アフリカ中部から北東部まで6,650mを流れるナイル川。下流部、エジプトのルクソールやアスワンを流れる姿はよく知られていますが、スーダン以南の中流から上流域はあまり知られていません。
ナイル川は青ナイルと白ナイルという主に二つの主流によって形成されています。青ナイルはエチオピアのタナ湖に源流を持ち、白ナイルはアフリカ中部のビクトリア湖に始まります。また、ビクトリア湖には複数の川が流れ込んでいる為、ナイル川の厳密な源流はビクトリア湖に流れ込む川のいずれかとされていますが、現在もルワンダやブルンジ等論争が続いています。
ナイル川の流域地図
青ナイルと白ナイルの合流点ハルツーム(スーダン)
ナイル川中流域の要所が青ナイルと白ナイルの合流地点です。エジプトの河口から約2,850kmに位置し、スーダンの首都ハルツームが建っています。青ナイルと白ナイルの名前の由来は、この地で合流するスーダン人がエチオピアから流れてくる川のより濃く暗い色を「青」と呼び、より透明度が高く泡立ちもあったビクトリア湖から来る方の川を「白」と呼んだ事に因んでいます。
青ナイルの源流タナ湖
青ナイルとタナ湖の概要
エチオピア北西部、海抜1800mの高原に位置するタナ湖はエチオピア最大の湖であり、青ナイルの水源です。季節によって表面積が変わりますが、琵琶湖のおおよそ4倍の広さです。雨季の6-9月は特に水量が増し、湖から流れ出す青ナイルの水量も急増します。タナ湖の周囲は肥沃な土壌が広がっており、その土壌を含んだ青ナイルの水が下流での氾濫を引き起こし、結果的にエジプトのナイル沿岸での農業を支える形になっていました。古代ギリシャのヘロドトスによる有名な「エジプトはナイルの賜物」という言葉も青ナイルが運ぶ肥沃な土から来ています。
青ナイル・タナ湖のみどころ、観光
タナ湖の周囲にはエチオピア正教の修道院群が建っており、クルーズを利用して訪れる事も可能です。セギ半島にあるウラ・キダネ・ミフレット教会では、藁葺き屋根の質素な外観からは想像もつかないような内部の鮮やかな壁画に驚かされるでしょう。

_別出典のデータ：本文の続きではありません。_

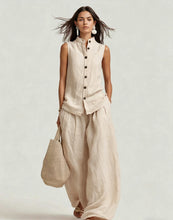 Load image into Gallery viewer, Women's Stand Collar Sleeveless Top & High-Waist Wide-Leg Pants Set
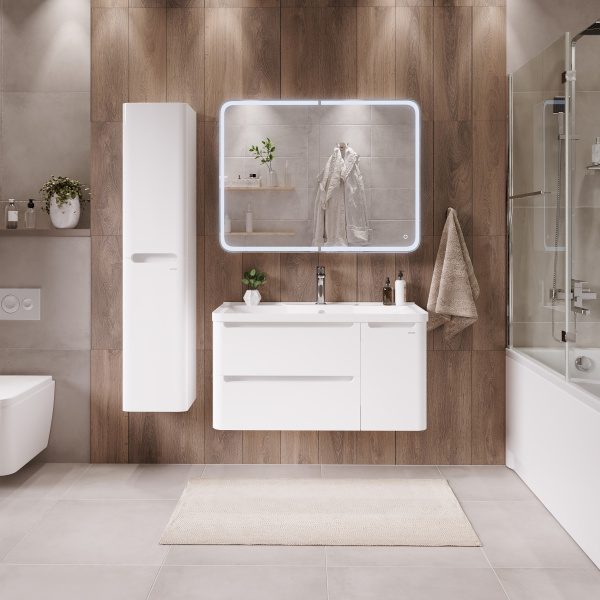 Тумба под раковину в ванной подвесная Grossman АДЕЛЬ-90 см, белая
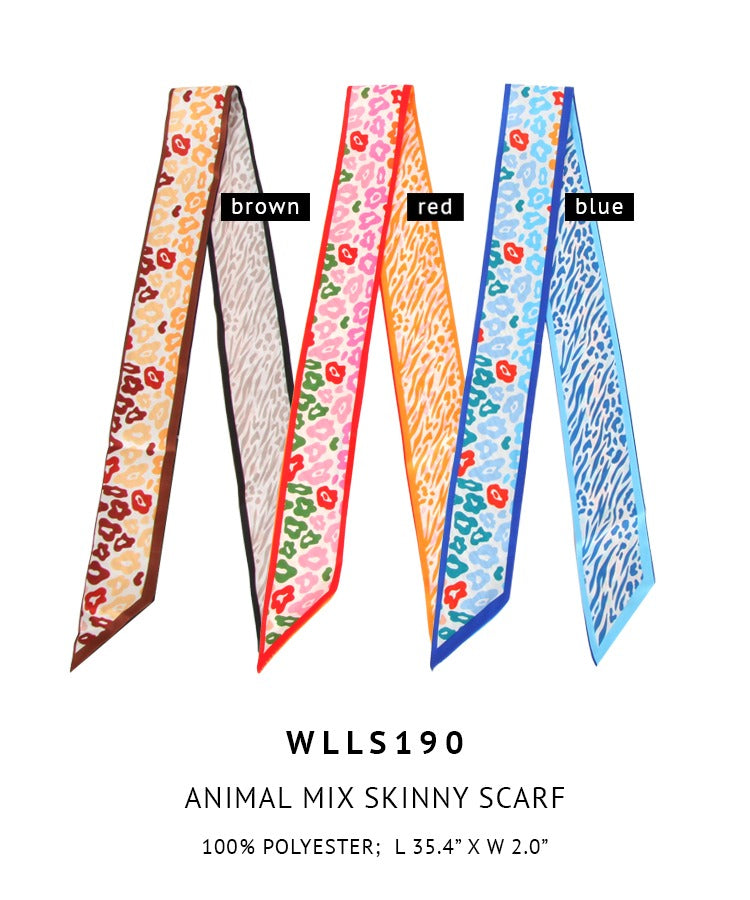 Animal Mix Skinny Scarf - Charming Charlie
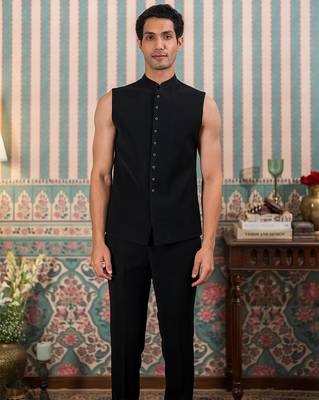 Black jodhpuri suit with floral rubber print and hand embroidery 2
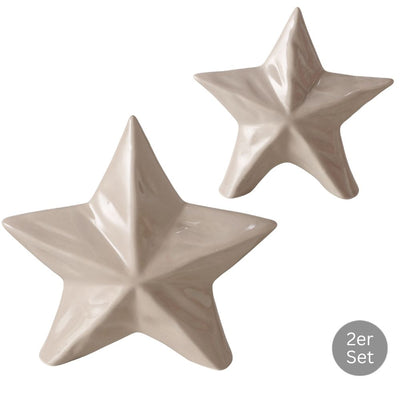 Dekoaufsteller Stern 2er-Set beige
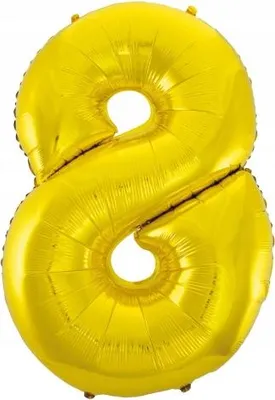 Immagine prodotto di Palloncino in foil numero 8 dorato 61 cm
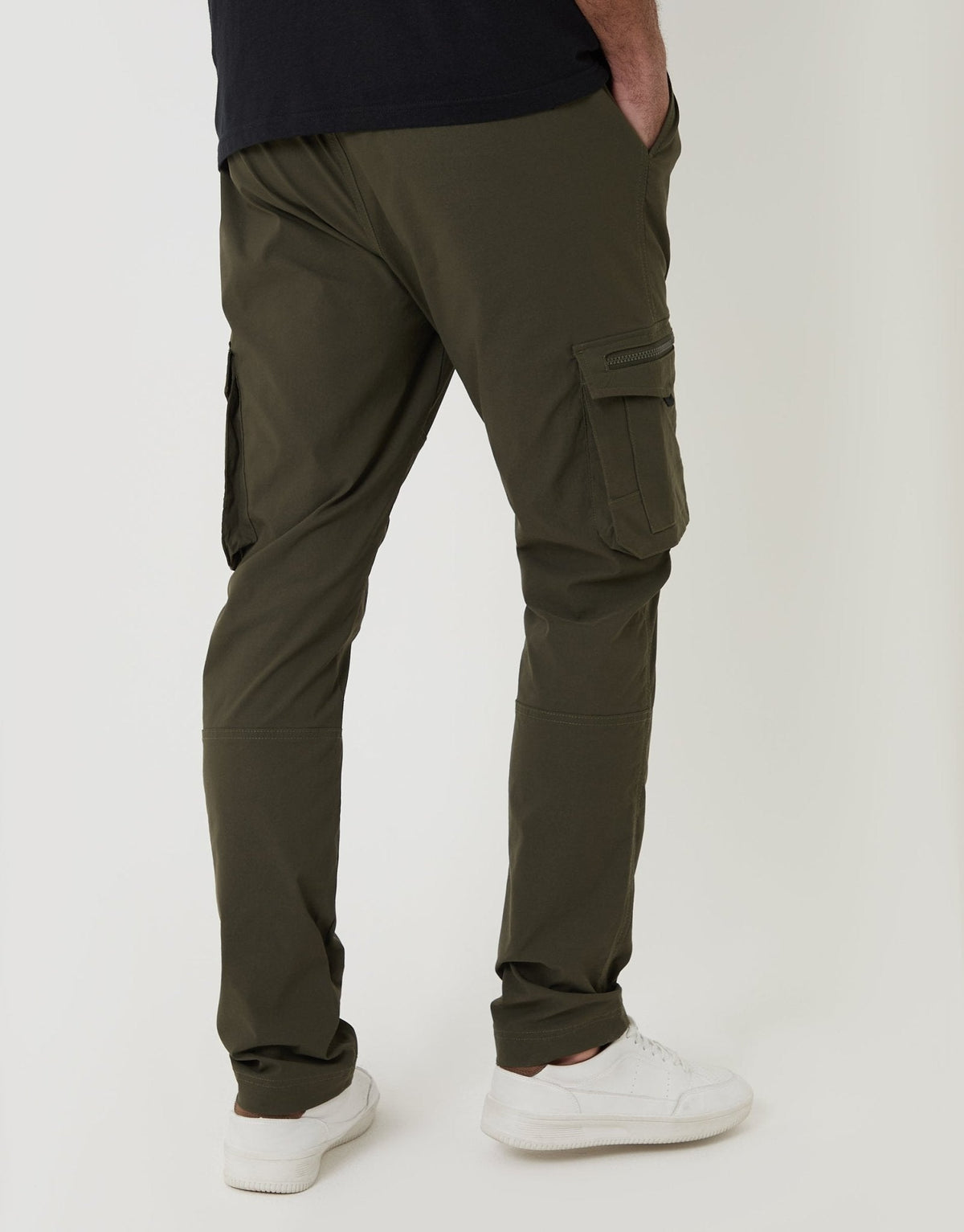 Slim Fit Stretch Cargo Trousers in Khaki Green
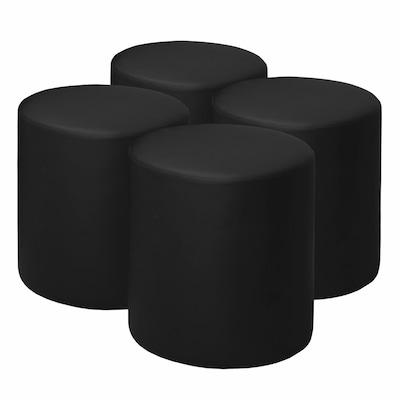 Regency Logan Vinyl Round Ottoman, Black, 4/Set (N6262BK4PK)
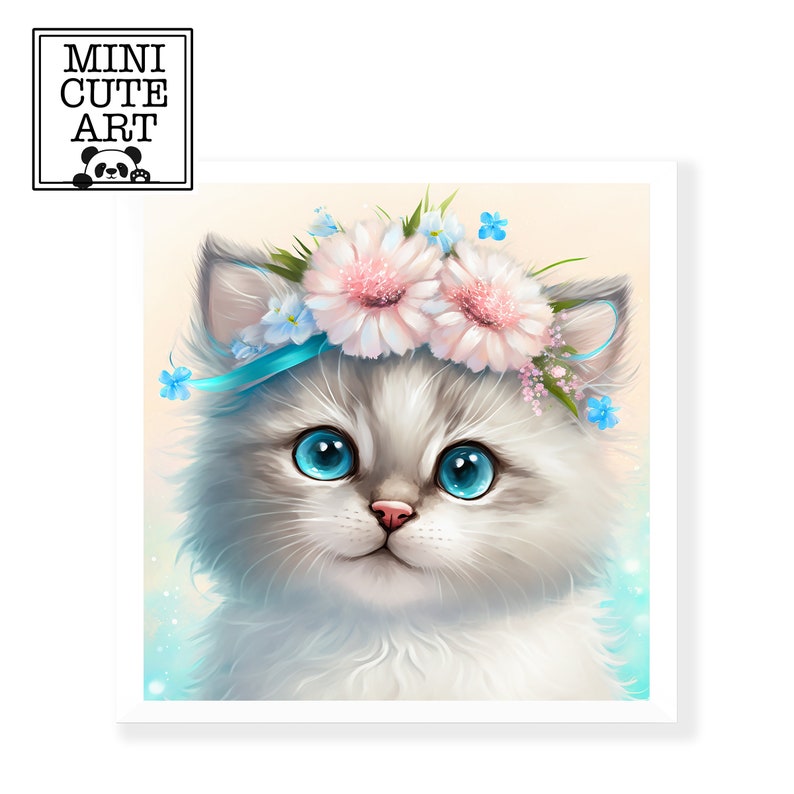 Cute Kitten and Flowers Watercolor Clip Art Cute Fluffy - Etsy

また、青ナイルの滝は下流まで流れる肥沃な土壌を含む青ナイルの起点に近く、特に雨季(6-9月)や乾季の始めの時期(10-11月)は、迫力ある滝の姿が見やすいです。
白ナイルの源流ビクトリア湖
白ナイルとビクトリア湖の概要
ウガンダ、ケニア、タンザニアの三ヶ国に囲まれたビクトリア湖はアフリカ最大の湖であり、その面積は68,800平方km(琵琶湖の約100倍)に及びます。周囲の産地から多くの川が流れ込みますが、流れ出る川は白ナイルの1本だけです。その流れ出る地点があるウガンダのジンジャはソース・オブ・ナイル(ナイルの源流)とも呼ばれていて、記念碑も立っています。
白ナイル・ビクトリア湖のみどころ、観光
白ナイルの源流ジンジャでは、前述の「ソース・オブ・ナイル」を見学する事ができます。また、白ナイルの最上流は急流になっていて、同じウガンダ内のマーチソン・フォールズ国立公園では、ナイル最大の滝でもあるマーチソン滝を上流側や下流側から望む事ができます。白ナイルは青ナイルほど季節的に水量が大きく変わりませんので、一年を通して訪れる事ができます。